DIE LINKE muss, statt dieser Debatte mitaufzusitzen, die Eigentumsfrage stellen, um alle Ausgebeuteten und Unterdrückten gegen die herrschenden Verhältnisse und ihre Ideologen und Propagandisten zu einen. Konkret heißt das: Reformismus oder Revolution? Der jüngste LINKE-Bundesparteitag hat einen Ergänzungsantrag zum Leitantrag des Vorstandes beschlossen. Darin wird gefordert, „Unternehmen der Daseinsvorsorge, Banken und Versicherungen, Energiekonzerne, Unternehmen der Pharma- und medizinischen Industrie, der Telekommunikationsinfrastruktur und weiterer Schlüsselindustrien in die öffentliche Hand und in gesellschaftliche Eigentumsformen zu überführen“. Unerwartet radikal gaben sich auch die Vorsitzenden Bernd Riexinger und Katja Kipping. In ihren Reden forderten sie die Enteignung von Miethaien wie Vonovia. Diesen Worten müssen jetzt Taten folgen - vor allem eine offensive Kampagne, um diese Beschlüsse einem breiten Publikum zu unterbreiten und es dafür zu gewinnen.

Was wir brauchen:

Arbeitszeitverkürzung auf 30 Stunden-Woche und Sechs-Stunden-Arbeitstag bei vollem Lohn- und Personalausgleich – statt Arbeitslosigkeit, unfreiwilliger Teilzeit und Minijobs für die einen und Überstunden für die anderen!

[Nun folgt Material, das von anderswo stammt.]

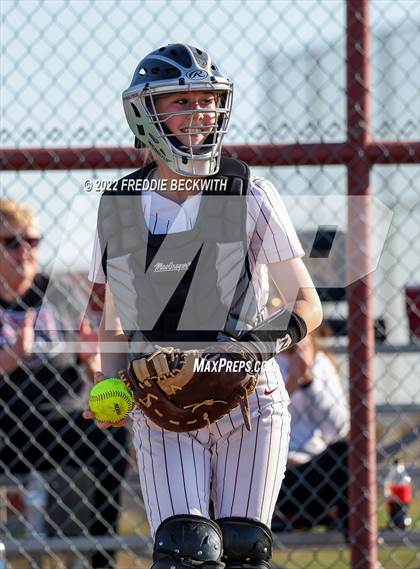 Thumbnail 2 in Alvord @ Collinsville photogallery.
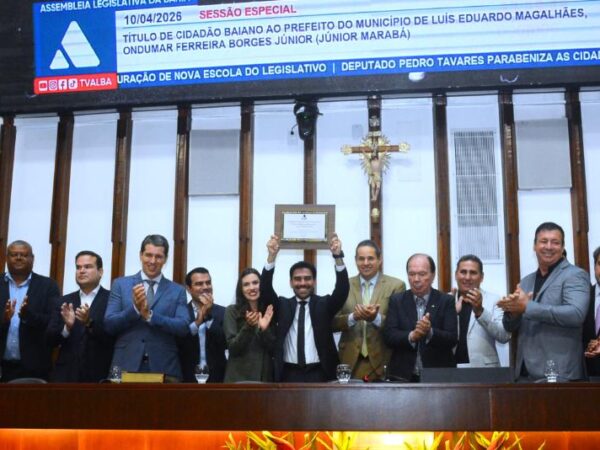 ALBA concede Título de Cidadão Baiano ao prefeito Júnior Marabá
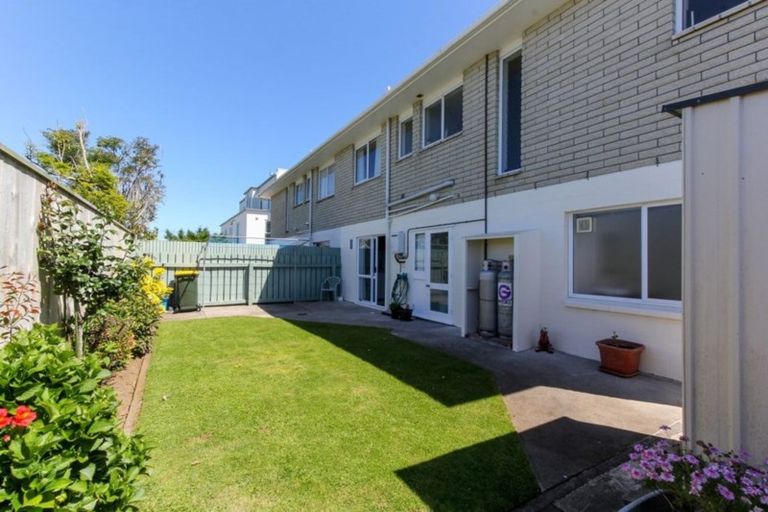 Photo of property in 2/498 Devon Street East, Strandon, New Plymouth, 4312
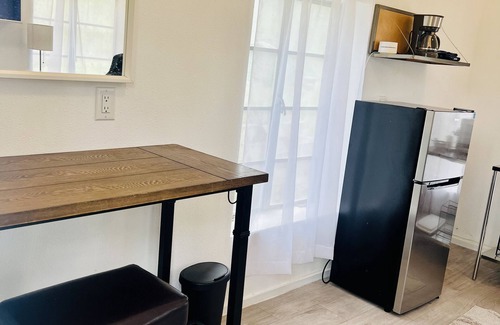 Vaught Ranch Apartment | Writer's Retreat: Think and rest in nature in the middle of Austin.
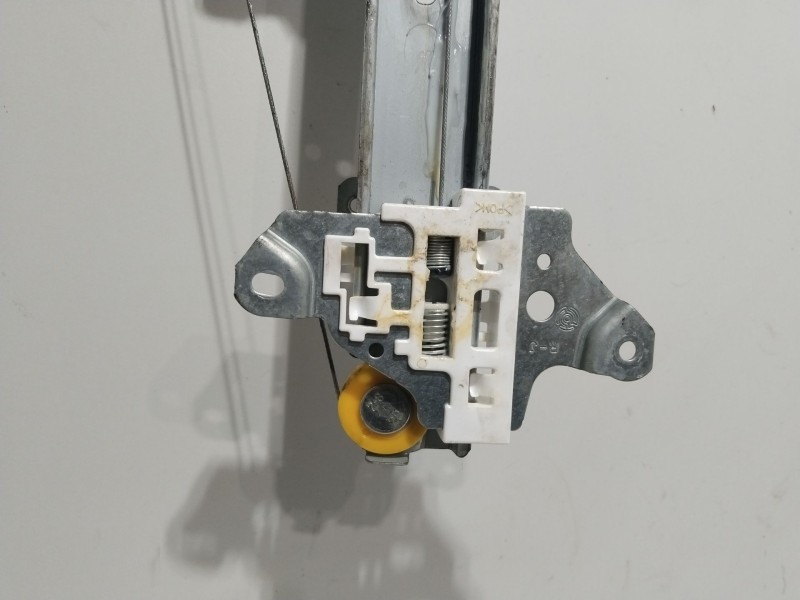 Recambio de elevalunas delantero derecho para nissan x-trail iii (t32_, t32r, t32rr) 1.3 dig-t referencia OEM IAM 807506RN1A  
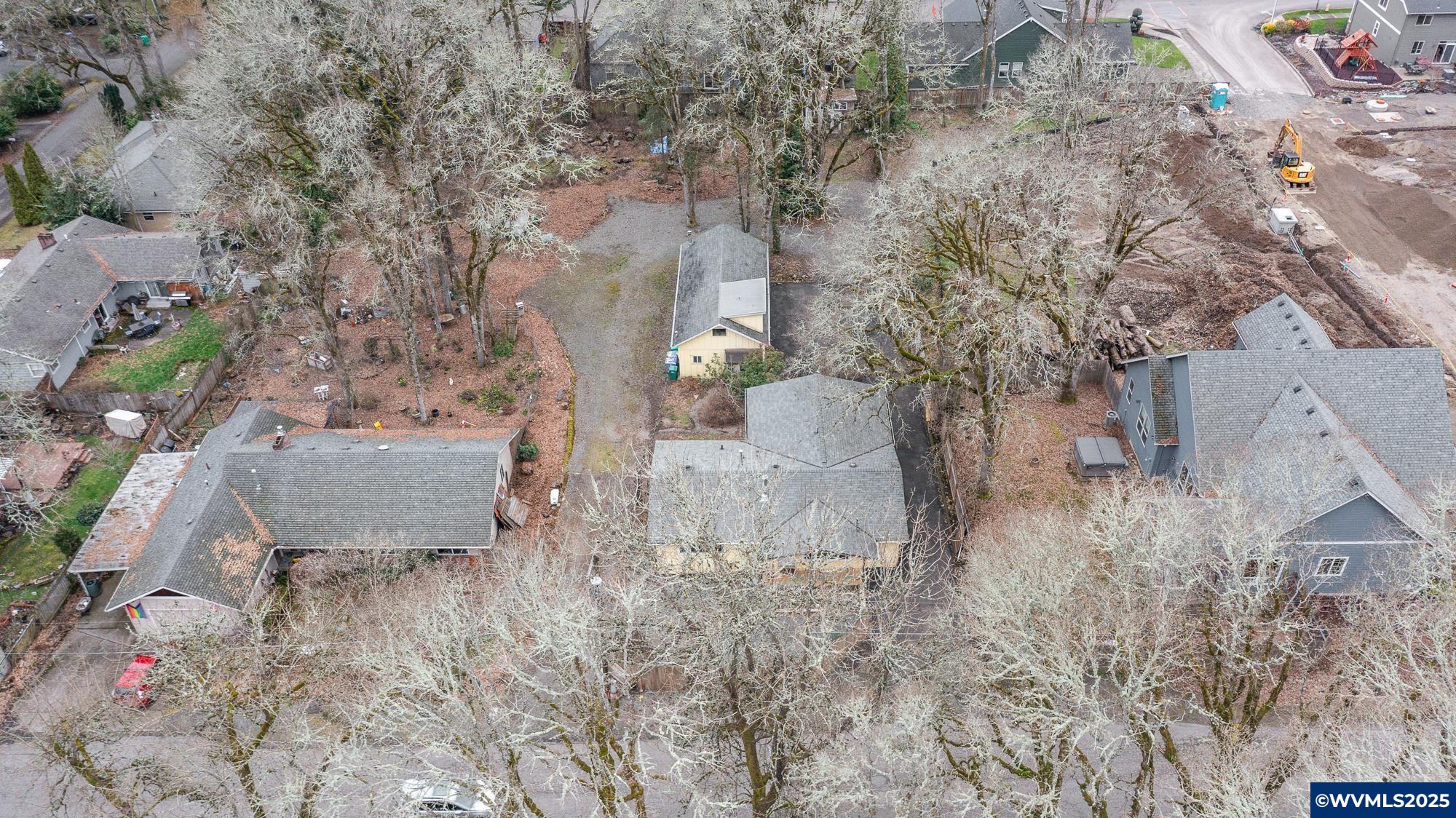 Milwaukie, Oregon 97267, United States, 2 Bedrooms Bedrooms, ,1 BathroomBathrooms,Residential,Pending,80330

Investition der Unternehmensgewinne in verbesserte Produktionsanlagen, kostenlose Bildung, Ausbau der Infrastruktur und kostenlosen öffentlichen Nahverkehr – statt Milliarden Dividendenauszahlungen fürs Nichtstun!

Umstellung der gesamten Produktion auf gesellschaftlich notwendige Güter – statt Zerstörung von Produktionsanlagen, Betriebsschließungen, Entlassungen und Verschwendung menschlicher Fähigkeiten!

Existenzsichernde Löhne, Renten und Grundsicherung für alle und ein Recht auf unentgeltliche Weiterbildung und Umschulung – statt Hartz IV, Armut per Gesetz und Zerstörung von Existenzen!

Verstaatlichung der Großkonzerne, Banken und Versicherungen unter demokratischer Verwaltung und Kontrolle durch die Arbeiterklasse und Wirtschaftsplanung im Interesse von Mensch und Umwelt – statt Ausbeutung durch das oberste Prozent und für dessen Profit!